The WREA works in tandem with the National Rural Electric Cooperative Association (NRECA) to advocate the cooperative business model among decision makers in Washington D.C. As federal legislators propose new laws and policies, the WREA and NRECA are ready to represent electric cooperatives’ priorities and inform member-consumers about the latest developments and debates.
Electric Industry Issues
Compared to other electric utilities, electric cooperatives differ in both ownership structure and purpose. As private, not-for-profit, consumer-owned businesses, they bring a consumer-oriented perspective on legislation and regulation affecting the wholesale energy market and other aspects of the electric industry.

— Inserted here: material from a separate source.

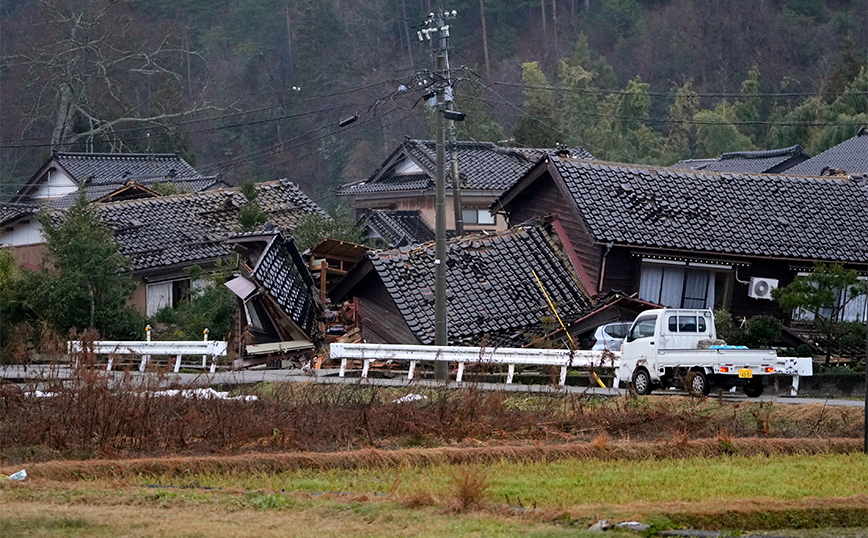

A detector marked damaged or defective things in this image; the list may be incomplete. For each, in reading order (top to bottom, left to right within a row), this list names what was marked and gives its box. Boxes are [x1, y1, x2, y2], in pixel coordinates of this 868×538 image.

In March of 2012, Secretary of Energy Steven Chu sent a memo to the federal Power Marketing Administrations (PMAs) laying the groundwork for new policies, including new transmission policies that could alter the historic arrangement that has guaranteed affordable electric power for rural co-ops.
As Congress and the Administration work to create federal climate change policy, the nation’s demand for electric power is growing. America’s electric cooperatives are seeking a realistic policy that will protect their ability to provide reliable, affordable electric power.

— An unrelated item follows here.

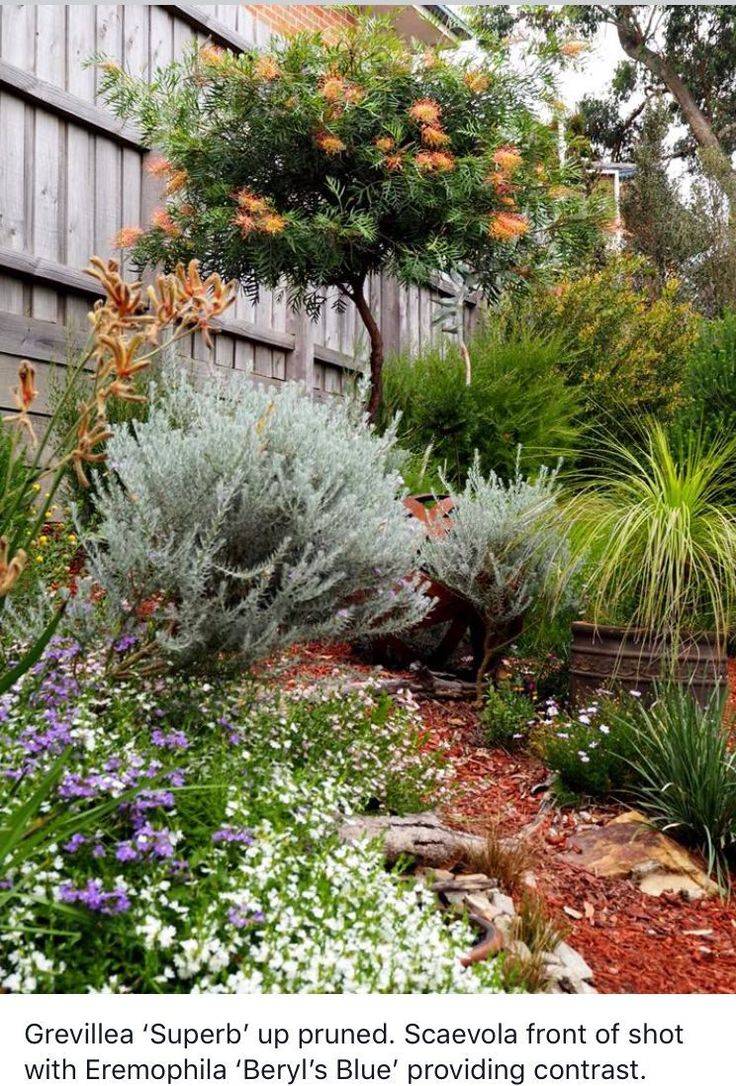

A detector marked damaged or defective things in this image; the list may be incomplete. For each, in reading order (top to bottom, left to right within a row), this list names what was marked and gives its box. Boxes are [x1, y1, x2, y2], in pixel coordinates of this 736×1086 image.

rusty metal object [568, 625, 725, 708]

The Cooperative Workplace and Workforce
Nationwide, cooperatives employ more than 70,000 workers. Electric cooperatives are committed to protecting their safety and long-term well-being.

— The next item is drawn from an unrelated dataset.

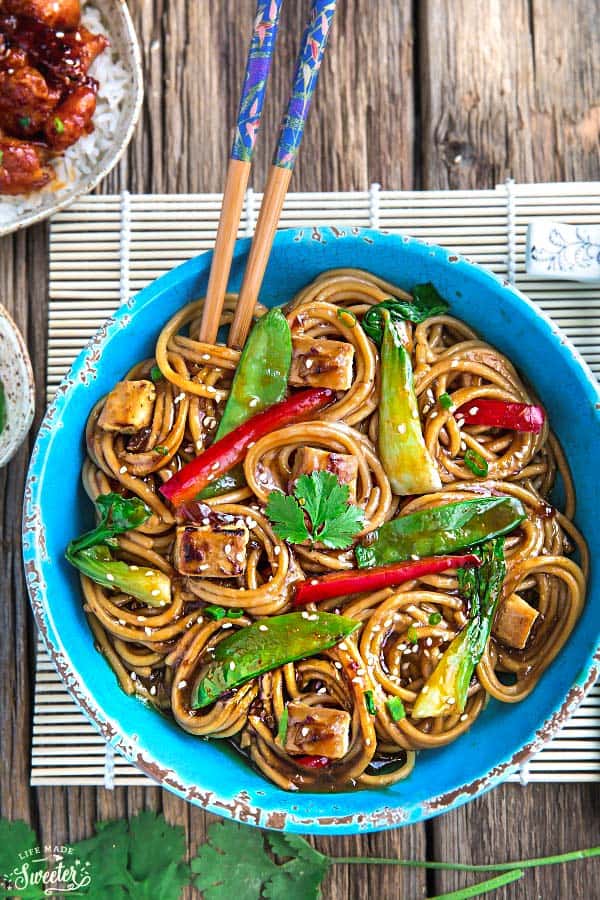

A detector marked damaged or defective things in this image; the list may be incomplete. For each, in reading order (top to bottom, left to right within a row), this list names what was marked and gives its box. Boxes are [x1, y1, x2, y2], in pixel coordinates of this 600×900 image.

chipped blue bowl rim [21, 229, 596, 832]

Electric cooperatives advocate common sense public policies on air quality, water, and land resources that balance environmental stewardship with our need for energy to power the nation’s economy.
Fuels and Other Resources
Electric cooperatives use a wide range of fuels to generate electric power. This diversity—including the “fifth fuel,” energy efficiency—helps maintain a reliable and affordable electric supply for member-consumers by ensuring that regionally plentiful resources can be utilized.